What many Lebanese failed to see was touched upon by the president of the French republic at a time where France seems eager to reinvigorate its historic role in Lebanon as its political patronage but also as the founder of the state of Greater Lebanon a hundred years ago.
Macron’s visit marks the centenary of the birth of the Republic as we know it and yet the public is still unable to envision the common denominators for the Lebanon that they’ve long dreamed of and fought for.
Lebanon celebrates its birth in the wake of the port explosion, a site that also marked its birth a 100 years ago and its death 100 years later –awaiting its rebirth.

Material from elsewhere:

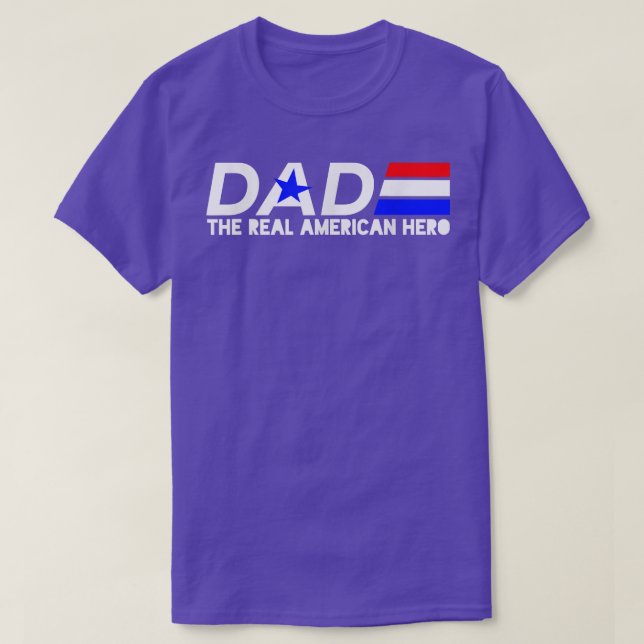 Vater Red White and Blue The Real American Held T T-Shirt (Design vorne)
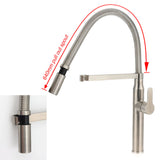 Pull Out Kitchen Mixer Tap, 360 Degree Swivel, Brushed Nickel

The Lebanese are divided more than ever between two competing and often contradictory agendas for their Lebanon. It is a vision that encapsulates all that is liberal and yet it also incorporates the elements for all that is disruptive and destructive. Lebanon’s beating heart is naturally inclined towards the symbolism of liberté, egalité, fraternité.
However and along the way, Lebanon gets entangled in regional rivalries between the East and the West –Iranian regional ambitions alongside China and Russia’s expansionism in the region versus their Western counterpart competing for the same resources.
What the French president said was the utter reality and an unpopular truth –a truth that many are intended on ignoring, which is that Hezbollah represents an undeniably substantive proportion of the public.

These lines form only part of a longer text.